A simple UI/CLI interface can be built to showcase a node on the network interacting with the network to read/write data.
Some key areas that this project will focus on:
- Persistance of data on the node, either in memory or in storage
- Sharding of data, potentially using techniques such as consistent hashing, rendezvous hashing, etc.
- Indexing all this data for high performance
- Providing fault tolerance on the network by allowing nodes to join and leave as needed
- This also deals with data replication
- Efficient encryption of data
- Node validation
- Network management
- A lot of other points can be added here depending on what different teams are interested in as the above only covers the basic things required to make this network operational
.drawiofile for the diagram above is available at space-opera-design.drawio
- Adding a new node to the network
- Uploading and downloading data from the network
- Monitoring the network
- Node registers onto the network by initially communicating with the gateway
- Node gets authenticated by the gateway and receives the IP address of the master node
- Node accepts upload and download requests from the client
- Node informs the master node when data is uploaded to it
- Node receives IP addresses of other nodes where data needs to be replicated -> node replicates data based on this
- Node must be able to receive a message from the master node about replicating data when some other node fails
- Node will recieve IP addresses of other nodes where data needs to be replicated -> node replicates data based on this
- Master node receives message from gateway about new node joining the network
- Master node receives message from gateway whenever a client wants to download/upload data
- Master node determines which node to send the request to and returns appropriate IP address to the gateway which is then returnd to the client
- Master node writes data to the database about file saved in node
- Master node receives message from sentinel monitoring system anytime a node goes down
- Master node will determine which remaining nodes to replicate data on and send message to appropriate nodes to carry out replication
- Master node receives message from node once upload of data is complete to that node from client
- Master node responds with list of nodes in which current node should replicate data
- Master node can return list of all data on network - required for CLI
- Since master node needs replication and availability, we decided to explore using a Kubernetes cluster containing pods of the master node.

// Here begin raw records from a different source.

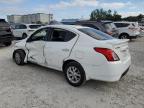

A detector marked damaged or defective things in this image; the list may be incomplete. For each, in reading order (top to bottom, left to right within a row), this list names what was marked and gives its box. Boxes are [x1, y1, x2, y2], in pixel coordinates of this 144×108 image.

damaged white sedan [12, 24, 131, 87] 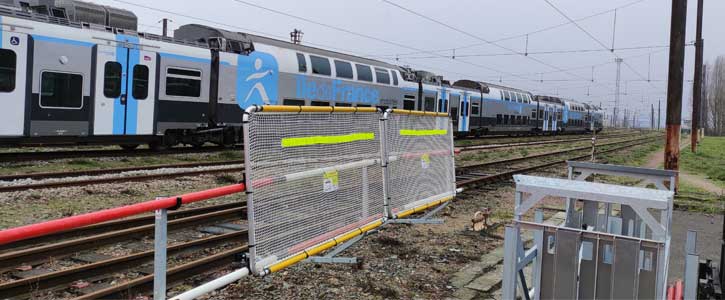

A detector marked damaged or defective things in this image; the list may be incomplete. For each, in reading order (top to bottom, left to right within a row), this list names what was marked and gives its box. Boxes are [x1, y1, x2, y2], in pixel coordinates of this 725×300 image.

rusty metal pole [664, 0, 688, 191] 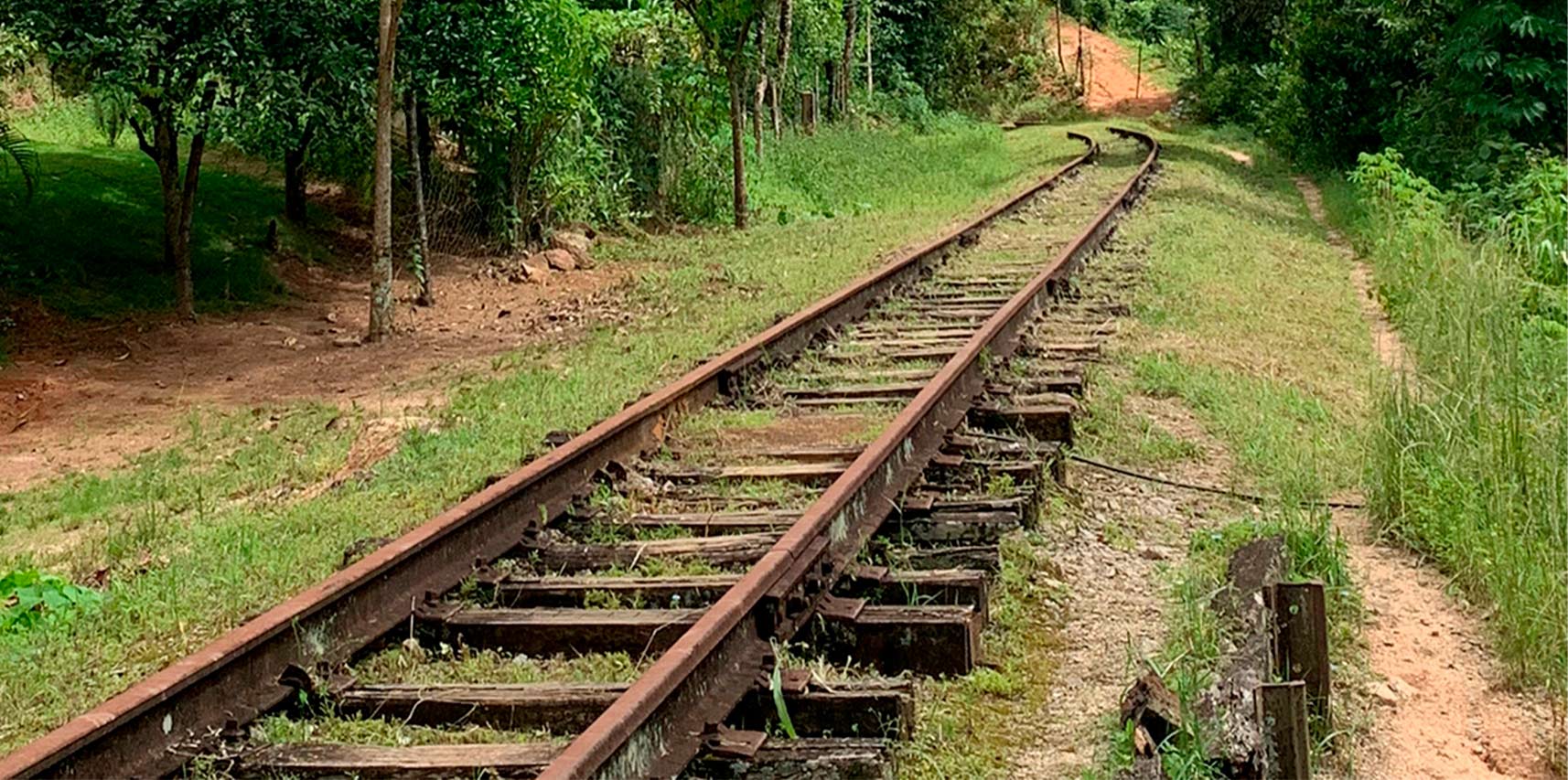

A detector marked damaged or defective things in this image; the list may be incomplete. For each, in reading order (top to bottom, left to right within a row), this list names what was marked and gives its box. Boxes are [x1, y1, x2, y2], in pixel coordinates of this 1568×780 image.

rusty railway rail [0, 124, 1149, 779]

We should be able to keep a single IP address this way and have Kubernetes manage uptime of the master node.
- Gateway authenticates and registers node for the first time onto the network
- Gateway returns IP address of master node to node after authentication
- Gateway writes information about new node joining the network to database
- Gateway informs master node about new node joining the network
- Gateway authenticates client requests to upload/download data and returns appropriate IP address to the client after checking with master node
- Sentinel constantly health checks the nodes in the network to check upkeep
- Sentinel informs the master node whenever a node goes down
- Sentinel updates database with information about node going down
- Other monitoring and health check features can be added if required
- CLI/Client can upload/download data from nodes on the network
- CLI/Client authenticates with teh gateway when it wants to upload/download data
- CLI/Client receives node address to connect to and then directly uploads/downloads data from that node
- CLI can be used to view all the files currently on the network
- Database stores information about nodes on the network
- Database can be a simple instance of Redis
- The following scheme can be used by all teams interfacing with the Redis DB:
network:nodes- list containing IP addresses (string) of nodes on networknetwork:data- list of files stored on the networknetwork:data:node:<node-IP>- list containing files (string) stored in node atnode-IPnetwork:data:file:<file-name>- list containing nodes (string) that store file withfile-name
network:nodes,network:data,network:data:node:<node-IP>, andnetwork:data:file:<file-name>are the keys in the DB- Other keys can be added as required
- Node
- Tuba Ahmed, Abul Hasan Mohammed, Abhishek Ganesan, Rooppesh Sarankapani, Harshavardhan Padidala (Java)
- Rohit, Rushikesh, Rahil, Yi, Vineet (JavaScript)
- Tzu-Chuan Lin, Yu-Che Lin, Mu-Te Shen, Jinfan Zhang (Python)
- Master Node
- Mayank Garg, Mayank Verma, Pratyush Sharma, Aravind Thonupunuri
- Anupriya, Arpitha, Rounak, Sandhya (Python)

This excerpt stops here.